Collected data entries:
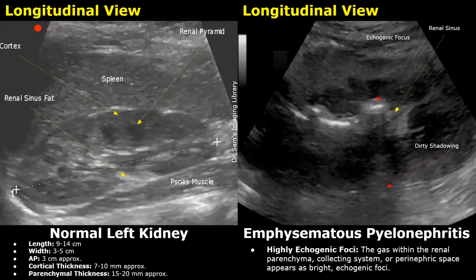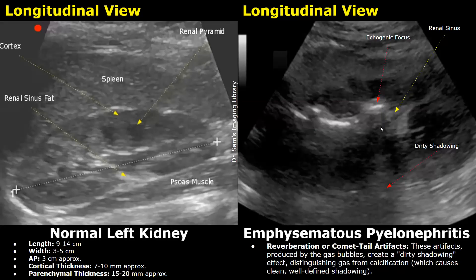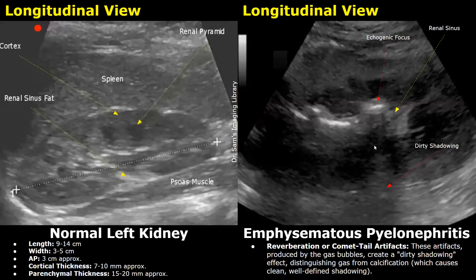Emphysematous pyelonephritis is a very serious condition in which gas forms within the kidney. On ultrasound, you may find highly echogenic foci within the kidney followed by dirty posterior shadowing. This dirty shadowing appears gray in color instead of black. The black shadow is seen behind stones, whereas a gray colored shadow is seen behind gas. These echogenic foci with dirty shadowing indicate the presence of gas within the kidney.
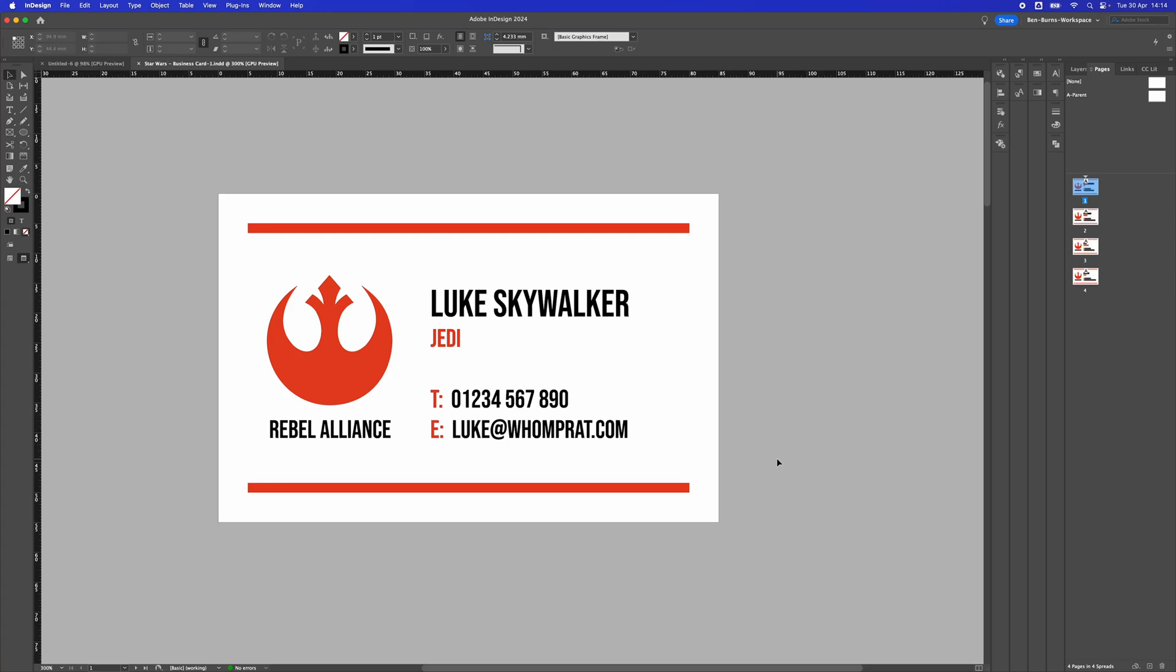How to set out and print business cards from home using InDesign. I've got a business card here that I did in a previous tutorial video.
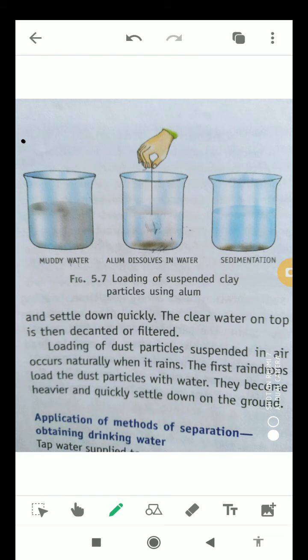In the second beaker, you dissolve alum — or fitkari as we call it in Hindi — in the muddy water. The mud particles then come down to the bottom very quickly because the alum makes the particles heavier. In the third beaker, you can see that sedimentation has taken place and the clear water on top is decanted or filtered. Loading of dust particles suspended in air also occurs naturally when it rains — the first raindrops load the dust particles with water, they become heavier and quickly settle down on the ground.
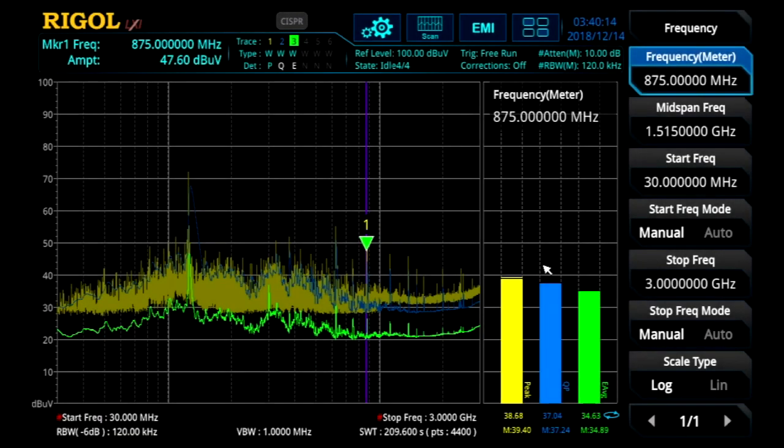In this video we're going to configure the EMI meter. This function is great for interactive debugging of frequencies of interest between EMI scans.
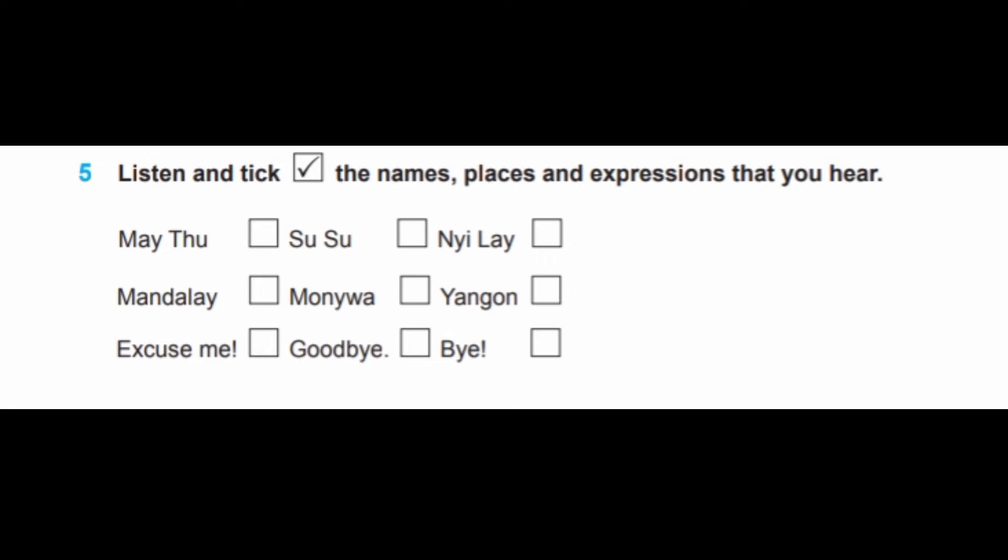Track 2, Exercise 5. Dialogue 2: In the Playground. Listen and tick the names, places, and expressions that you hear.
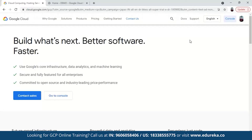It will also ask for your credit and debit card details. It will just deduct one rupee and that will also be refunded within a while. On the free trial, you will get $300 credit for 90 days. You can use that credit to perform the exercises inside Google App Engine that I'm showing you.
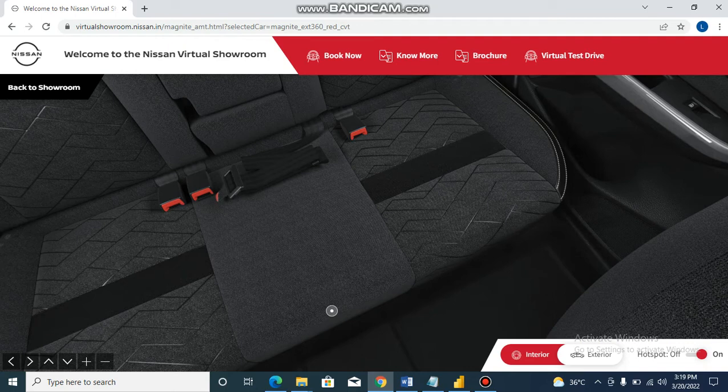They have XV, XV Premium, touchscreen, and the Android Auto, push start button, steering controls, etc. There are many features. I am a personal suggestion of Magnite. I am also looking at YouTube videos. They are very responsive to me. They are still waiting for me.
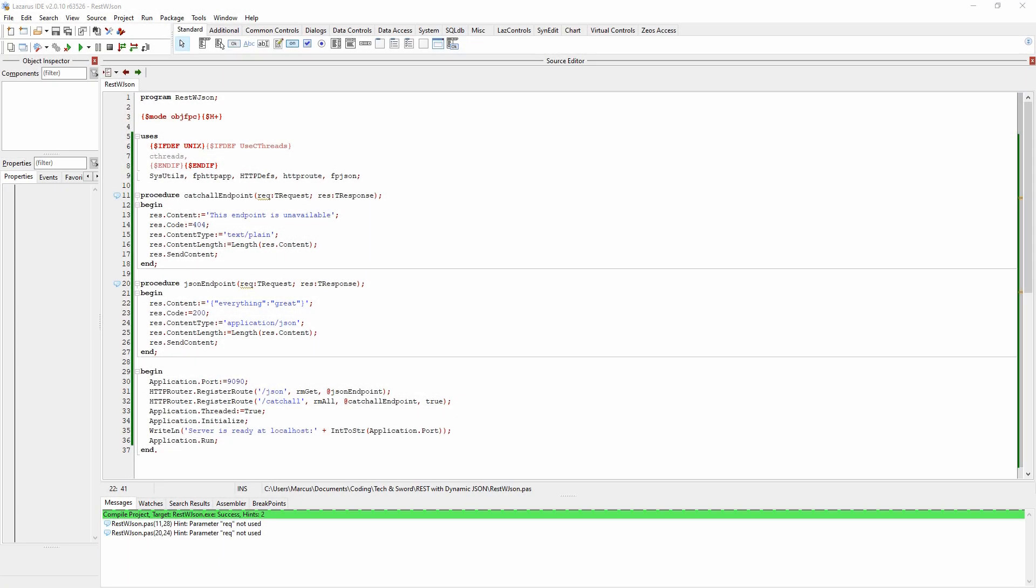Welcome to another video by Tekken Swords. My name is Marcus Fernstrom and today we're going to talk about dynamically generating JSON data. We're going to expand on the REST API we created in the last video which you see on screen. We're going to create a new endpoint which returns back the current time in JSON format.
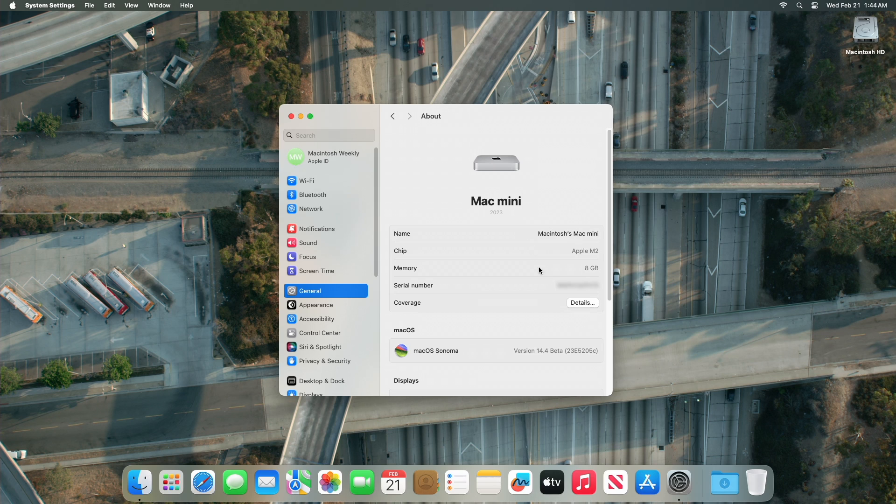And as you can see, the Mac has been updated to macOS Sonoma 14.4 Beta 4, and the build number is 23E5205C.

● Activity
Pictures excluded, return exactly the lines from the one with "It will also" through the final line of the entries above, both included.

● Exercise solution
It will also ask for your credit and debit card details. It will just deduct one rupee and that will also be refunded within a while. On the free trial, you will get $300 credit for 90 days. You can use that credit to perform the exercises inside Google App Engine that I'm showing you.
They have XV, XV Premium, touchscreen, and the Android Auto, push start button, steering controls, etc. There are many features. I am a personal suggestion of Magnite. I am also looking at YouTube videos. They are very responsive to me. They are still waiting for me.
Welcome to another video by Tekken Swords. My name is Marcus Fernstrom and today we're going to talk about dynamically generating JSON data. We're going to expand on the REST API we created in the last video which you see on screen. We're going to create a new endpoint which returns back the current time in JSON format.
And as you can see, the Mac has been updated to macOS Sonoma 14.4 Beta 4, and the build number is 23E5205C.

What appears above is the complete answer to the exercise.